Now with a safer route, riders can plan to take the full 10-mile trip from Tahoe City to Sugar Pine Point on a designed bike trail (as well as some quiet neighborhood streets).
Currently, the trail stops at the southern edge of Sugar Pine Point State Park, but plans are underway to complete the trail to the beautiful beaches at Meeks Bay, which will be an asset to both the riders and to the Washoe Tribe, which operates the Meeks Bay Beach concession.
Althof said that the nearby Truckee River Bike Trail — which offers a beautiful, meandering pedal for all ability levels along the river between Tahoe City and Alpine Meadows — is “hands down the most utilized resource we manage.”
Meanwhile, Underwood said the West Shore Bike Trail “will give visitors an alternative to the Truckee River Bike Path.”

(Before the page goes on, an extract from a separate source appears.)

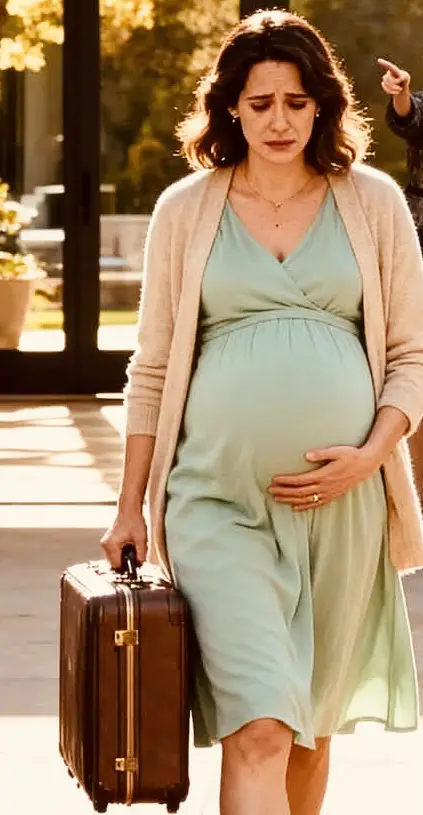 Свет новой жизни побеждает тени прошлого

Hopefully, this new trail will not only give riders more options, but will also reduce the congestion on the busy route along the river.
THE NEW ROUTE
One of the issues with the West Shore Bike Trail is that it requires riders to frequently cross the often-busy West Lake Boulevard (Highway 89).
The good news with the new section is that once southbound riders cross the highway at Fleur Du Lac, they stay on the right side of the road for the next four plus miles passing Homewood, Tahoma and through most of Sugar Pine Point State Park before crossing the road again just a 1/2 mile before the trail ends.
The new trail first parallels Highway 89, then after crossing Madden Creek on a new bike bridge, dips away from the highway and into the dense forest next to Trout Street.
In a short distance, the trail merges with Sans Souci Terrace which becomes the route heading south. It is a pleasant, level ride passing scattered older cabins before meeting Silver Street, where the bike trail passes through the Homewood Resort parking lot.
At the southwestern edge of the parking lot, the route crosses Fawn Street, and meets the previously existing trail which follows another section of Sans Souci Terrace to Tahoe Ski Bowl Way.
In addition to the Tahoe City Public Utility District, which will maintain the trail, the Homewood trail construction was sponsored by the North Lake Tahoe Resort Association, Placer County, California Tahoe Conservancy, California Natural Resources, Placer County Parks and Tahoe Fund.